- **DATASET RECORDS**
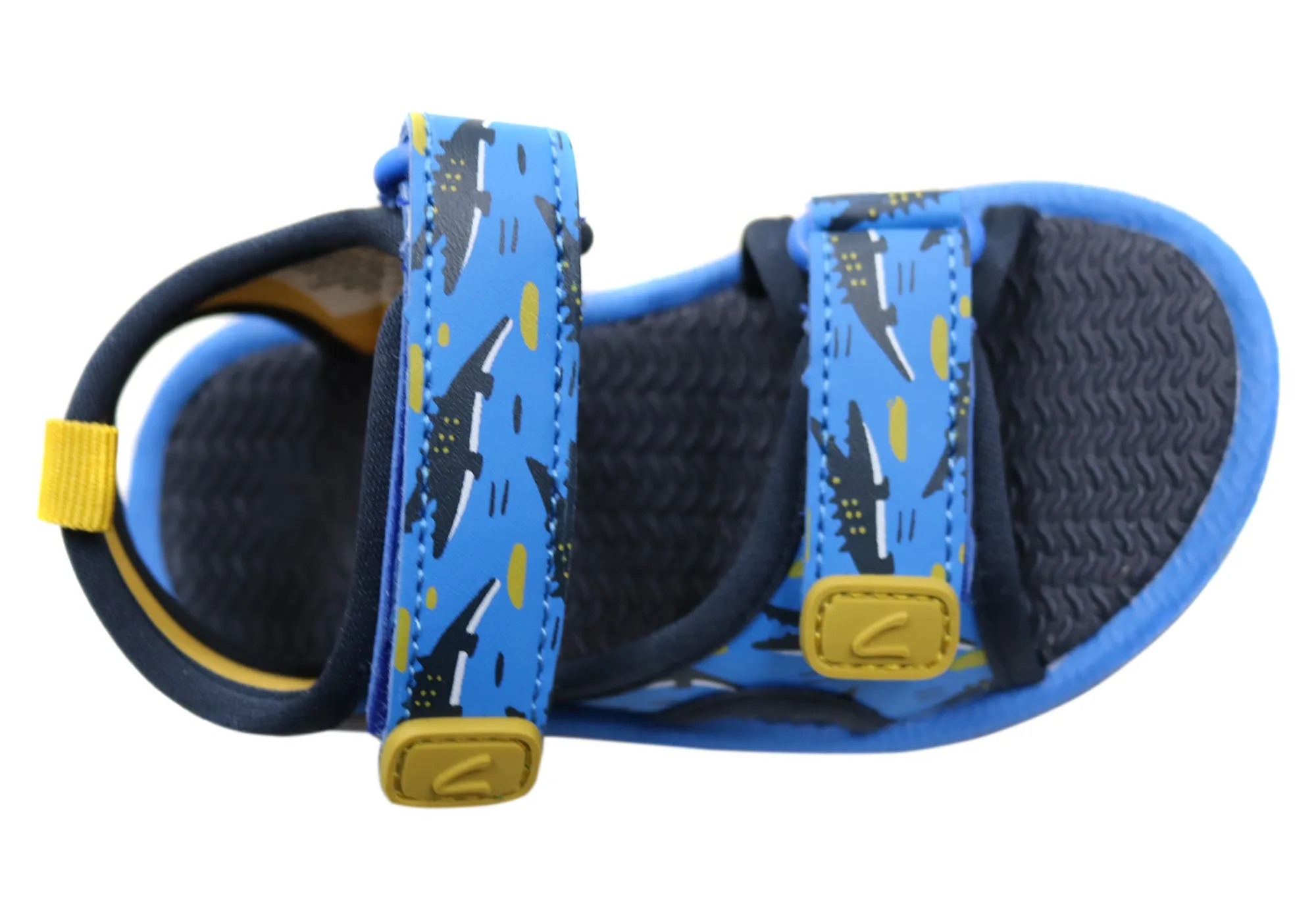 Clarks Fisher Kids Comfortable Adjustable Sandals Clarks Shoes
...
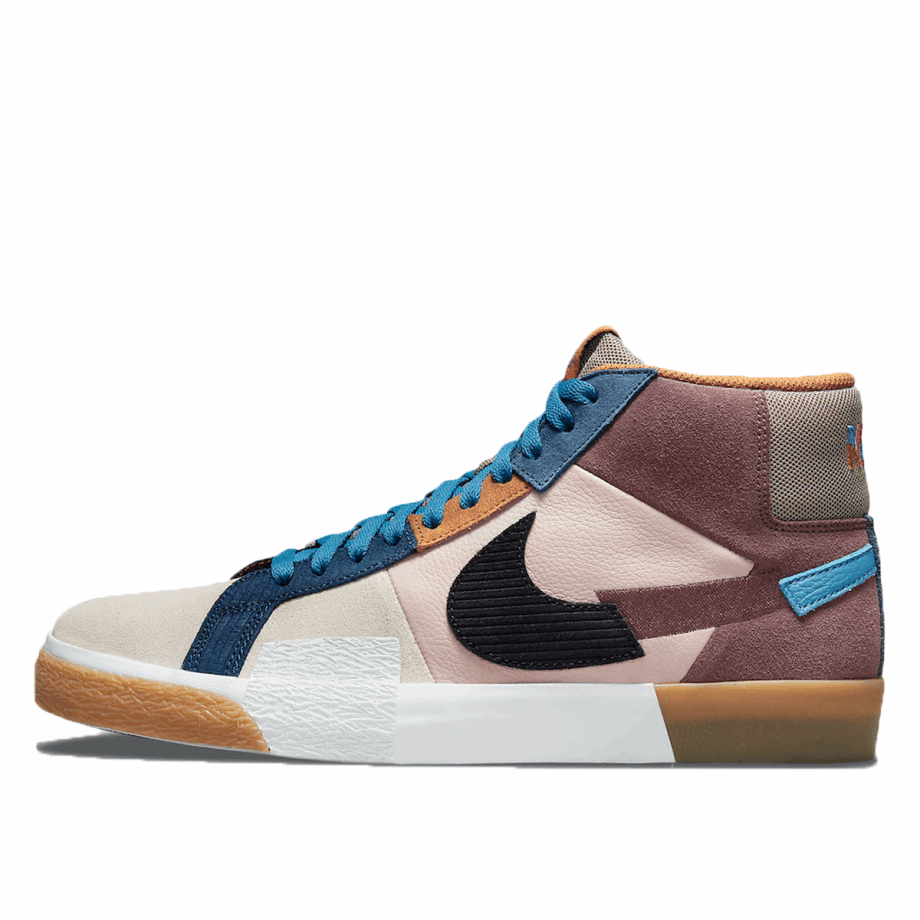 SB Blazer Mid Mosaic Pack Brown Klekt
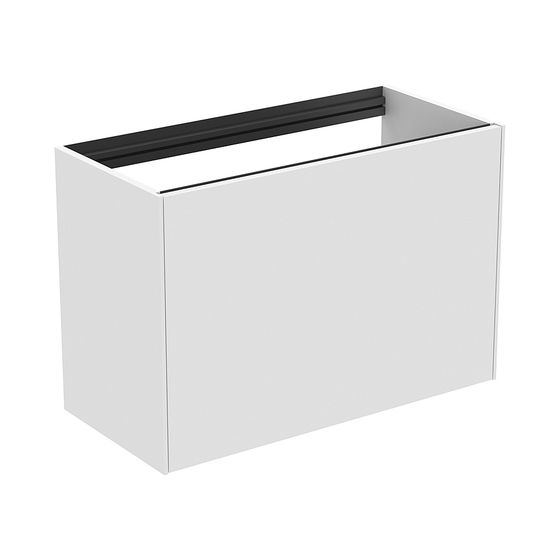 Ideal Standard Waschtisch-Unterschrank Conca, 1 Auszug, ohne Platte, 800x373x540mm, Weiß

- **YOUR TASK**
Word for word, restate the lines above from the one with "SB Blazer Mid Mosaic Pack Brown Klekt" through the one with "Ideal Standard Waschtisch-Unterschrank", keeping both ends and dropping the pictures.

- **ANSWER FOR THIS EXERCISE**
 SB Blazer Mid Mosaic Pack Brown Klekt
 Ideal Standard Waschtisch-Unterschrank Conca, 1 Auszug, ohne Platte, 800x373x540mm, Weiß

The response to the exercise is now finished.